新約学者のアルトハウスは「救済史の担い手となるはずの民が、ここぞというときに救いに背を向けてしまった。救いなき民になってしまったのだ。解しがたきも重苦しき謎よ!」と記す。
「わたしはヤコブを愛し、エサウを憎んだ」この御言葉に躓く人は少なくない。
神は不公平な神、本当に不公平な神なのか。パウロは14節で「ではどうなのか?神は不公平なのか?とんでもない」(アルトハウス訳)と否定している。「エサウを憎んだ」と語られる、そのところに神の完全な救いの業が示される。
キリストは永遠なる神だ。完全な救いを実現する救い主だ。「神を憎む。神に憎まれる」そこに働かれる愛の神だ。「エサウを憎んだ」このエサウに働かれる神だ。エサウの子孫は神を憎み、神を否定する民族になってしまった。異邦人となってしまった。
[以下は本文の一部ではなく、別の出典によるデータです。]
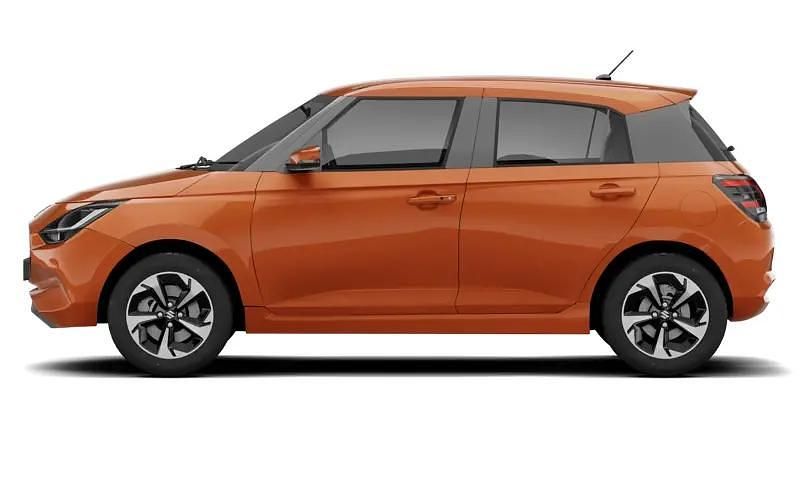 Orange Neu 2025 Suzuki Swift Club Limousine | 17.990 € - Bild 1/1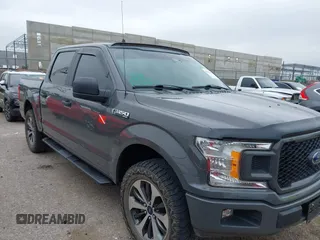 2020 Ford F-150 XL with VIN 1FTEW1CP5LFB54076, listed as a IAAI auction lot 42399310 with 68,535 mi miles and . Bid and sale history available at DreamBid. Image 1.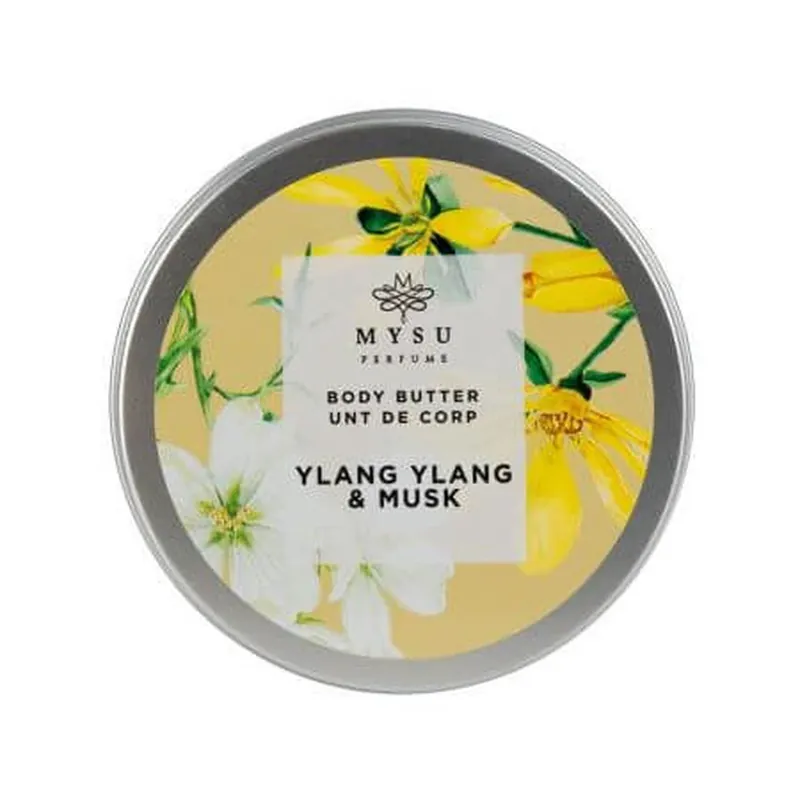 Chilipir Unt de corp, YlangYlang & Musk, 185ml, Mysu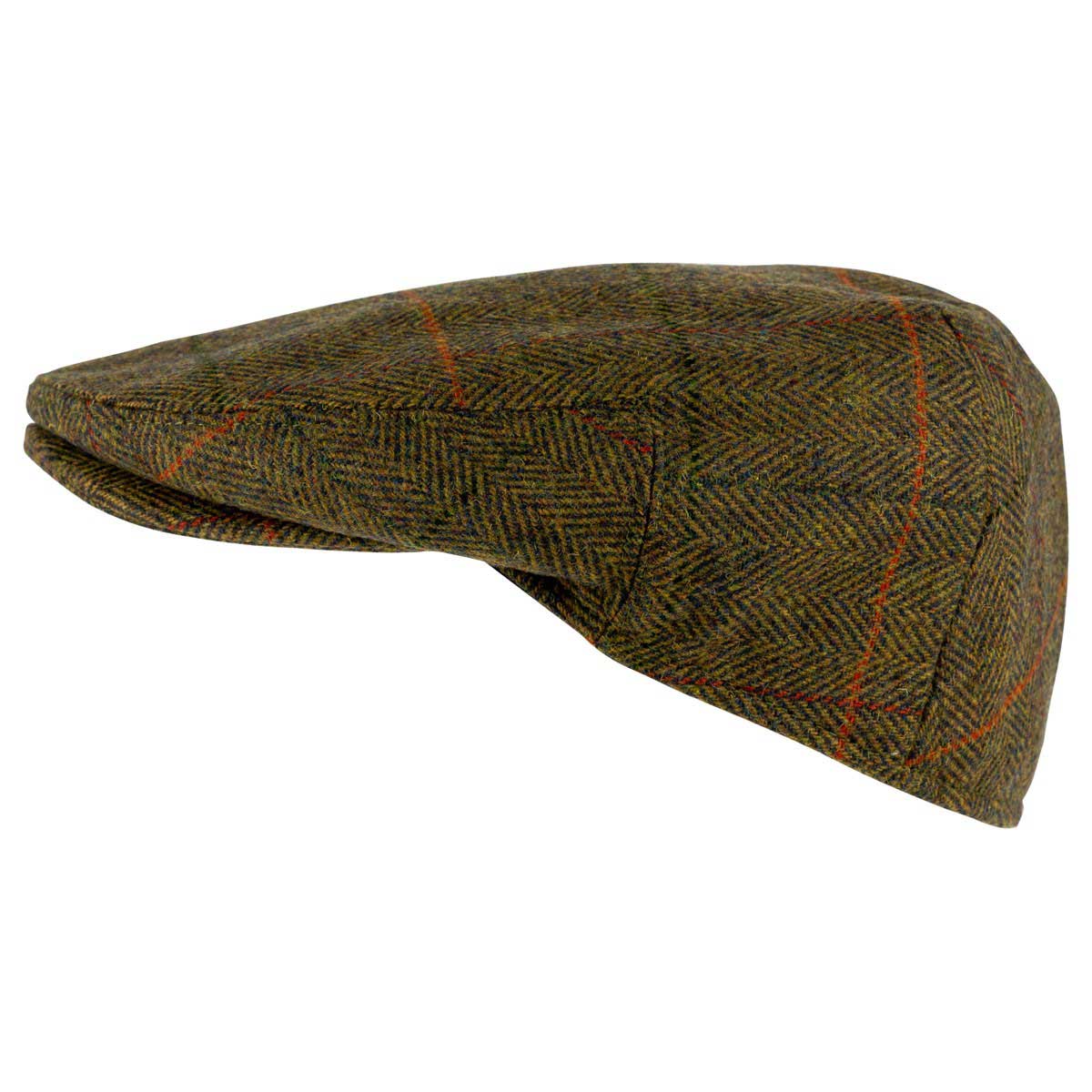 Jack Pyke Junior Wool Blend Flat Cap - side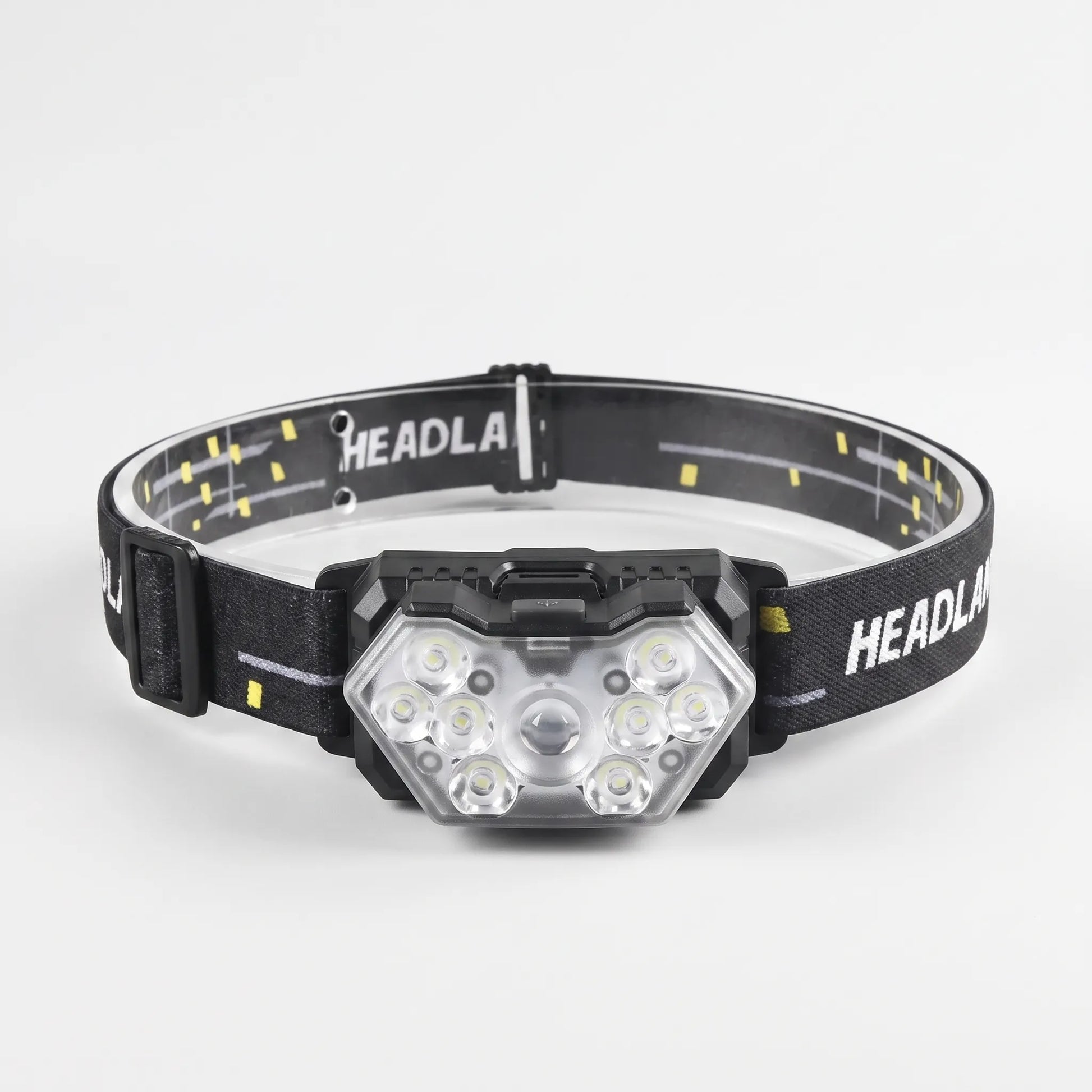 Akku-Stirnlampe Mit Bewegungssensor - Optiva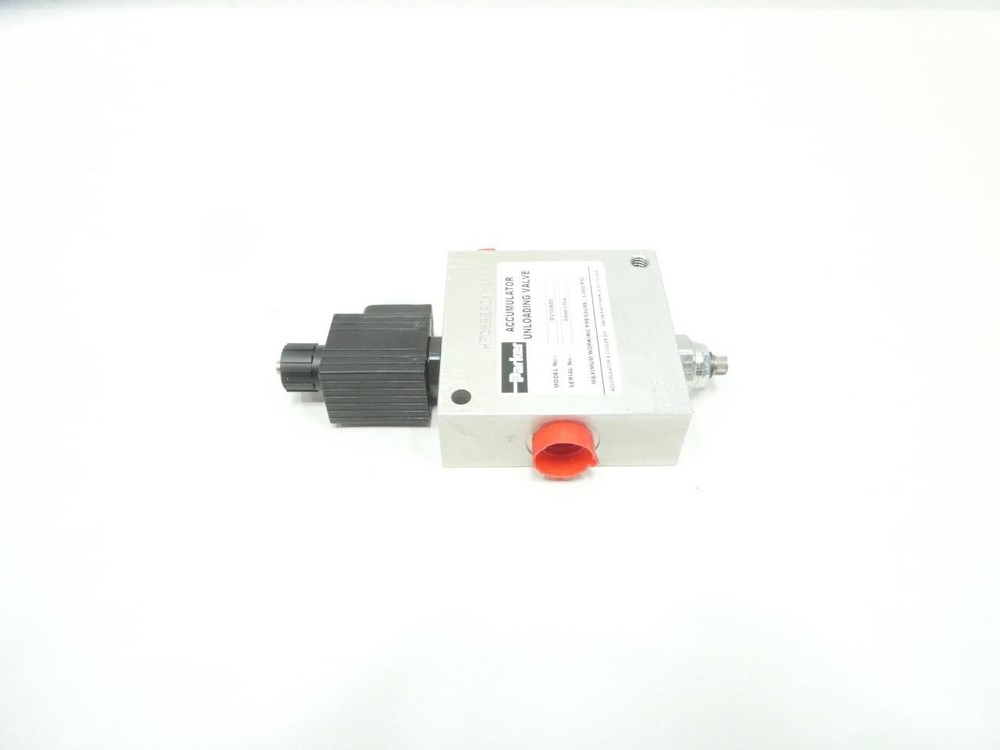 Parker DV10ADC Accumulator Unloading Valve 3000psi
この異邦人にパウロは伝道し、異邦人が救われた。神を憎み、神に憎まれる民が救われたのだ。この救いがヤコブの子孫の希望となる。
ヤコブの子孫は永遠なる神である主イエス・キリストを十字架に殺し、神を憎む民、神に憎まれる民になってしまった。この憎しみを背負って主イエス・キリストは十字架に死んでくださったのだ。
エサウの罪を背負って十字架に死んで下さった神なるキリストは、ヤコブの罪をも背負って十字架に死んで下さったのだ。
「わたしはヤコブを愛し、エサウを憎んだ」。
「エサウを神は憎んだ」と語られる「憎む」ところに神の断固たるご意志が示される。それは天地創造からの神のご意志が救済史の中に示される。今や、感謝と希望をもって「エサウを愛した神はヤコブを憎んだ」と言えるのだ。
この憎むところに神の十字架の愛が注がれ、神の救いを強烈に受け止めることができる。
わたしたちも神を憎む異邦人であった。しかし、「憎む」ところに働く神の救いを味わい知るものとされたのだ。